File Photo of Outdoor Electronic Sign with Russian Exchange Data

MOSCOW. Jan 17 (Interfax) – The development of the Russian stock market this year will to a significant degree be determined by the influence of external conditions, and high volatility is likely to continue, according to a review of the financial market in 2012 worked up by the Central Bank of Russia’s research and information department.

This year could see a continued low level of economic activity around the world, which will put a damper on the dynamics of world prices for primary commodities and financial assets, as well as economic growth in Russia. It is expected that stimulative monetary-lending policy to continue around the world, with in combination with the already existing programs of U.S. and European regulators will provide support to asset prices on developed and developing markets.

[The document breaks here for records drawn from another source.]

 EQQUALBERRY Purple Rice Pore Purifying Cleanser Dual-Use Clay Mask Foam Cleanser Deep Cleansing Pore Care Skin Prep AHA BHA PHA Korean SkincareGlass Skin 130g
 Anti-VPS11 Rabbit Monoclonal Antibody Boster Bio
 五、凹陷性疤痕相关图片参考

“The mixed character of the impact of these identified factors will facilitate the retention of the uncertainty of price expectations on the global capital market and, consequently, high volatility of quotations on the Russian stock market,” the review says.

With the retention of that uncertainty on the Russian stock market, lending organizations and most types of non-banking financial institutions will continue to apply to the capital market primarily conservative investment strategies, the CBR experts predict.

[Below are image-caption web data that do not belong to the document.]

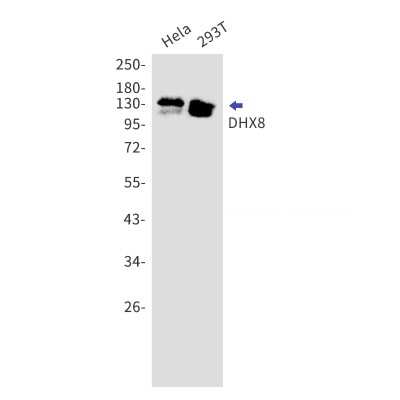 Western Blot: DHX8 Antibody (S04-1I7) [NBP3-15023]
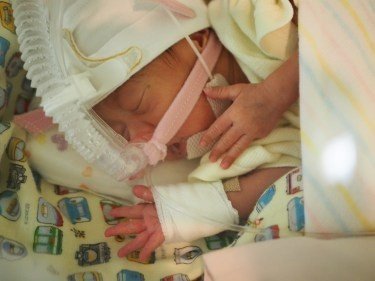 超低出生体重児 Nicu奮闘記 コウノドリ出演 日齢 36 42 修正31週 保育器からコットへ 成川潤 Jun Narikawa Note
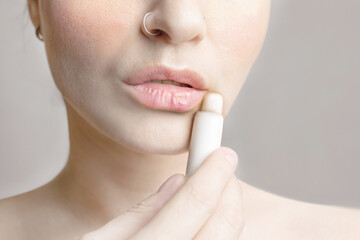 Woman dyes her lips with moisturizing balm. Woman with dry lips, dry skin problem. Close up photo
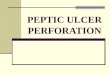 Peptic Ulcer Perforate
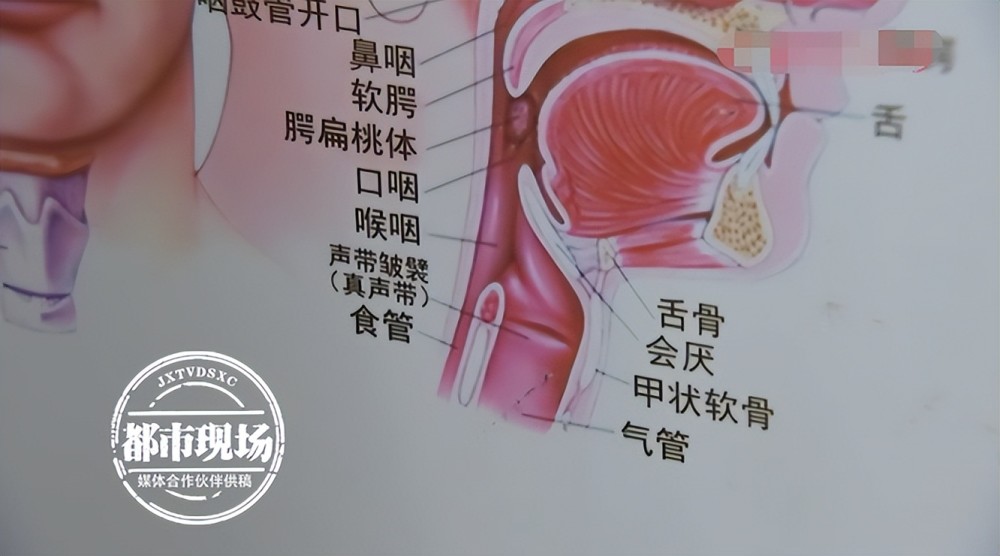 8旬老人吞下铂金戒指卡住喉咙难受至极医生1秒化解危险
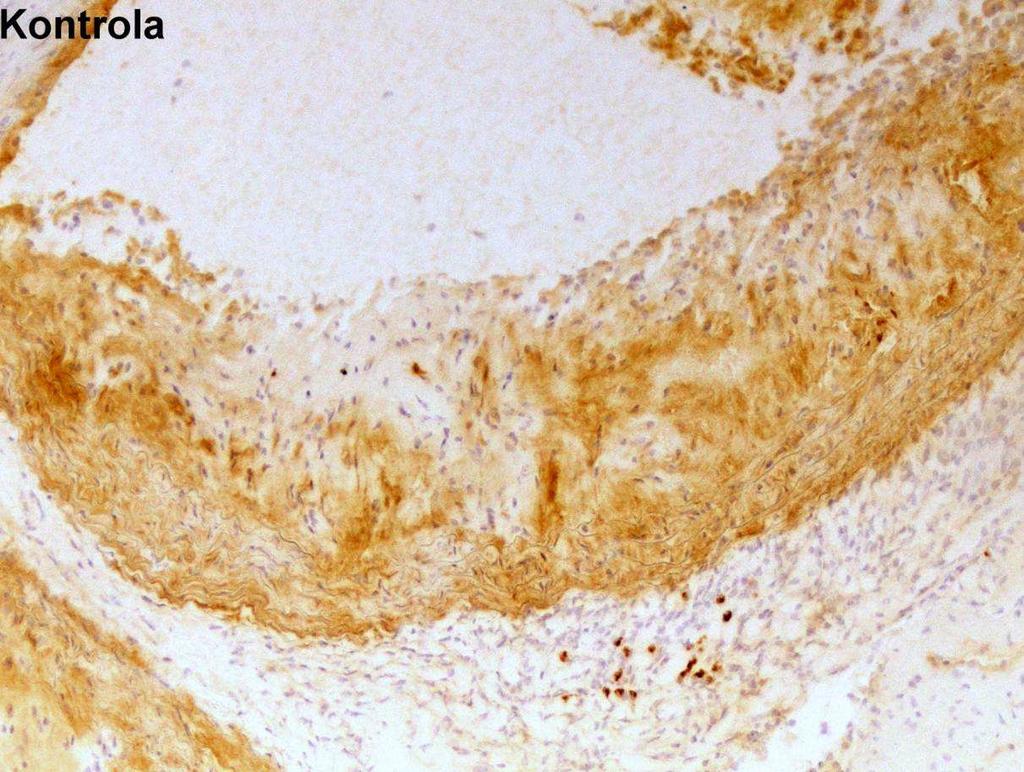 9.3 Imunohistochemická analýza 9.3.1 Imunohistochemické barvení VCAM-1 v oblasti aortálního sinu Exprese VCAM-1 byla pozorována u všech myší v experimentu.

And considering the persisting uncertainty for the prospects of world economic development in 2013 “somewhat of an increase in the volatility of the ruble exchange rate is possible given an insignificant decrease in the average annual indicators of the nominal ruble exchange rate against the main foreign currencies under the influence of inflationary processes,” the review says.

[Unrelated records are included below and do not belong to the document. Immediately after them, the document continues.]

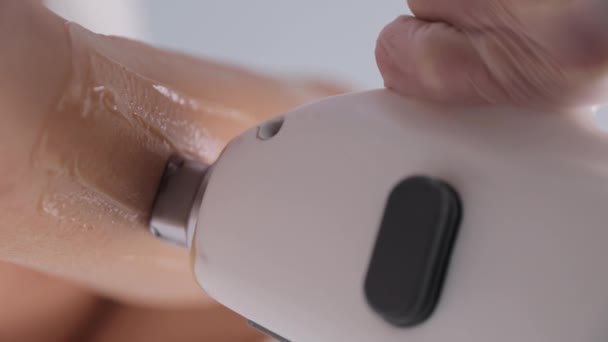 Laser Epilering Ett Hårborttagningsförfarande Kosmetolog Använder Laser För Att Avlägsna — Stockvideo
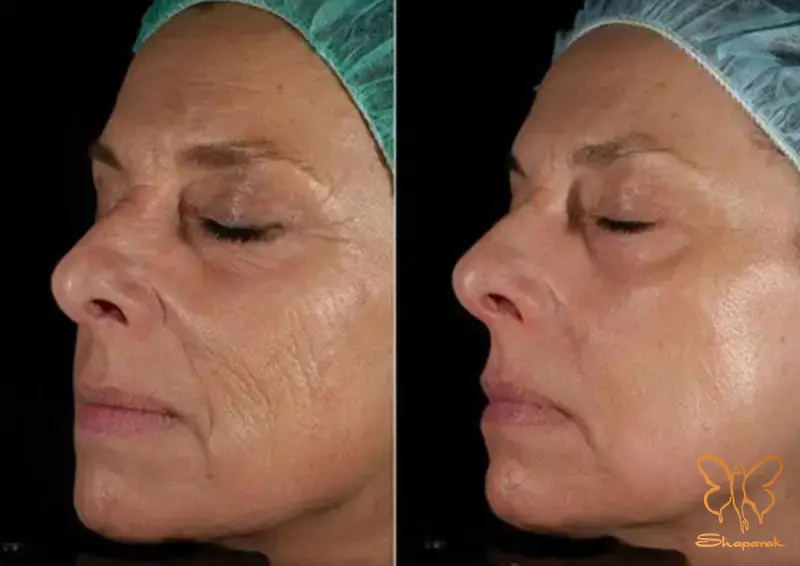 تفاوت مزو بایواستتیکس با مزوتراپی معمولی در کلینیک شاپرک مشهد تفاوت مزو بایواستتیکس با مزوتراپی معمولی در کلینیک شاپرک مشهد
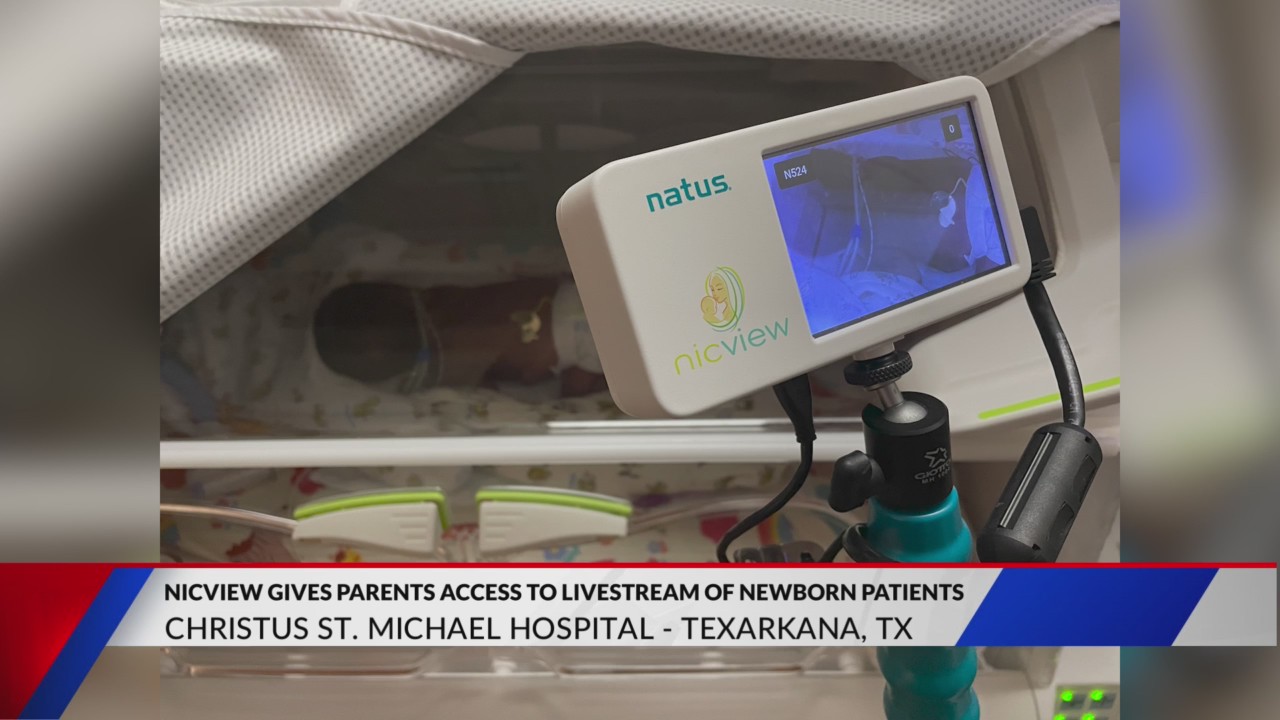 Nicview Images Christus St. Michael unveils new NICVIEW for the NICU – KTALnews.com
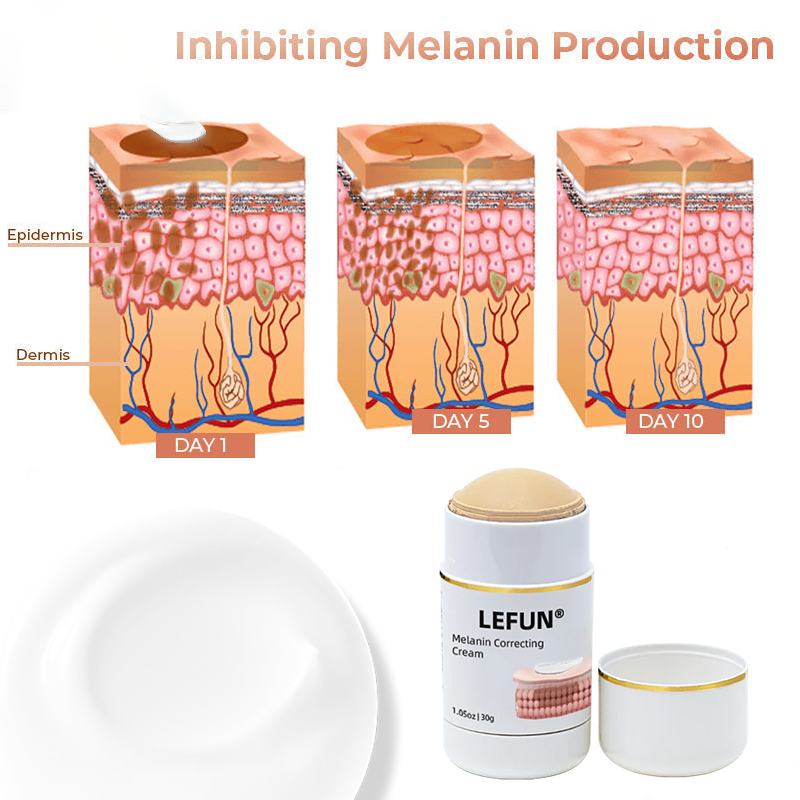 🔥Last Day Sale-80% OFF) - LEFUN® Melanin Correcting Cream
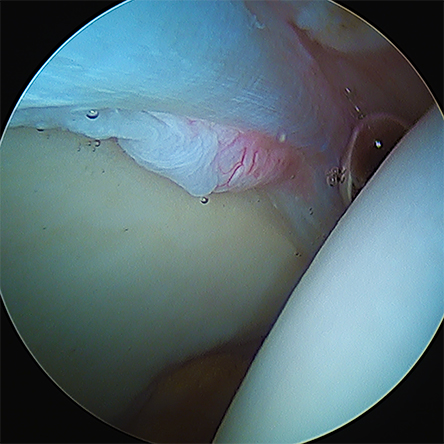 Procedures Hip Arthroscopy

The CBR will continue to implement exchange rate policy without obstructing the formation of trends in the dynamics of the ruble rate conditioned by the effect of macroeconomic factors, and without setting any kind of fixed restrictions on the level of that rate. The bank will continue to gradually increase the flexibility of exchange rate formation, cutting the volume of intervention on the domestic currency market, but maintaining the possibility of influencing rate dynamics to smooth out sharp fluctuations in the ruble rate. “As a result, the influence of Central Bank exchange rate policy on the formation of the state of affairs on the domestic currency market will be weakened, and the significance of market factors will increase,” the bank said.

The situation on the Russian money market this year will be determined most of all by the liquidity of the banking sector and rates on CBR operations. With the realization of the basic scenario, growth of a structural shortage of bank liquidity could continue. In conditions of rising bank demand for ruble liquidity, the CBR will expand the refinancing of credit organizations (according to the basic scenario – 0.6 trillion rubles). Money market rates for most of the year will remain on the upper plane of the corridor of interest rates on CBR operations.

The situation on the domestic corporate bond market will be affected by the persistence of high external risks associated mainly with a slowdown in world economic activity and the continuation of the Eurozone debt crisis. These factors, and the possible weakening of the national currency, could lead to somewhat of a decrease in the investment attractiveness of corporate bonds. On the other hand, the continuation of the qualitative easing program abroad could facilitate increased inclination among investors toward risk and a flow of their money to the Russian corporate bond market.